■ EXERCISE AIM
Find the line below with "6 Pack Spa Headband" and the line with "Valentijnsdag Rode Hart". Output exactly those lines and everything between them, leaving out the pictures.

■ RECORDS TO USE
______
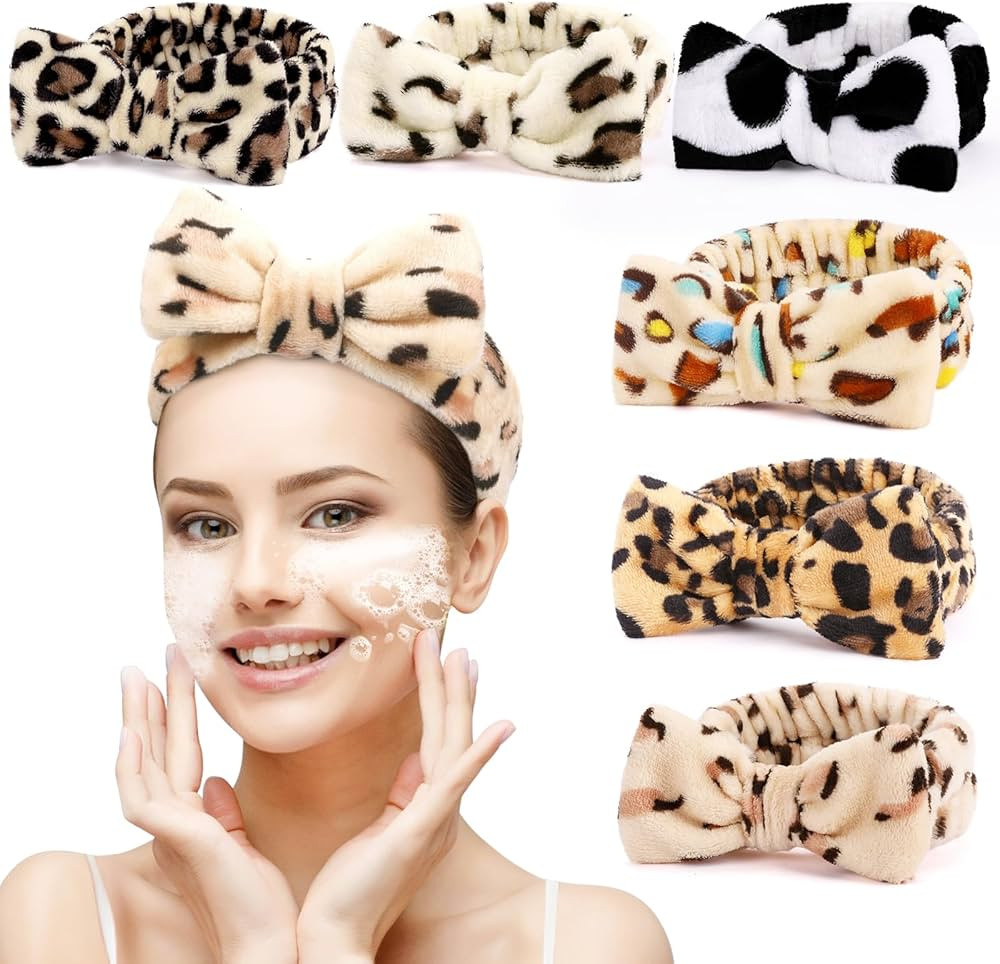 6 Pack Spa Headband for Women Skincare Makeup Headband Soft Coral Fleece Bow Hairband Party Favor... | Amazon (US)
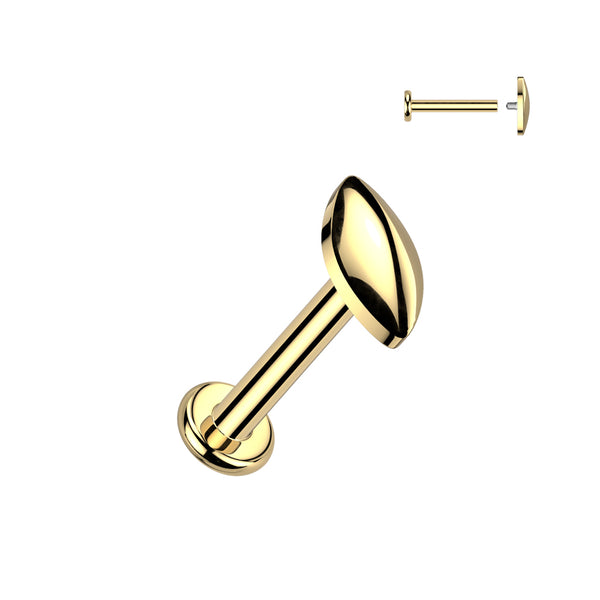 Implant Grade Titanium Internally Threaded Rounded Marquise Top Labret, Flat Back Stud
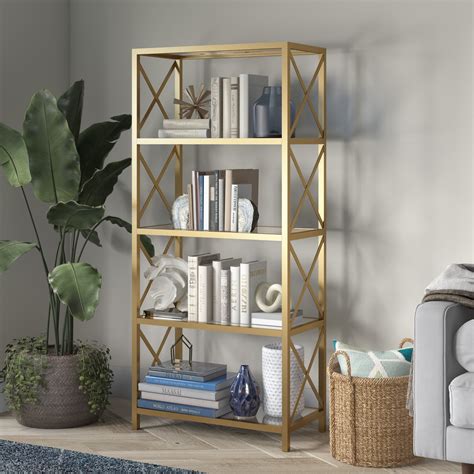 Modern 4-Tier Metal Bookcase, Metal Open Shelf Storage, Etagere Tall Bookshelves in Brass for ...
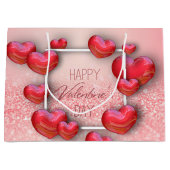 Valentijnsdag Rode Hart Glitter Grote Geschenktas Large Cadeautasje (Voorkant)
______
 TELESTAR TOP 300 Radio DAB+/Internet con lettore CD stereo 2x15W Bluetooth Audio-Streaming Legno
______
■ YOUR RESPONSE
 6 Pack Spa Headband for Women Skincare Makeup Headband Soft Coral Fleece Bow Hairband Party Favor... | Amazon (US)
 Implant Grade Titanium Internally Threaded Rounded Marquise Top Labret, Flat Back Stud
 Modern 4-Tier Metal Bookcase, Metal Open Shelf Storage, Etagere Tall Bookshelves in Brass for ...
 Valentijnsdag Rode Hart Glitter Grote Geschenktas Large Cadeautasje (Voorkant)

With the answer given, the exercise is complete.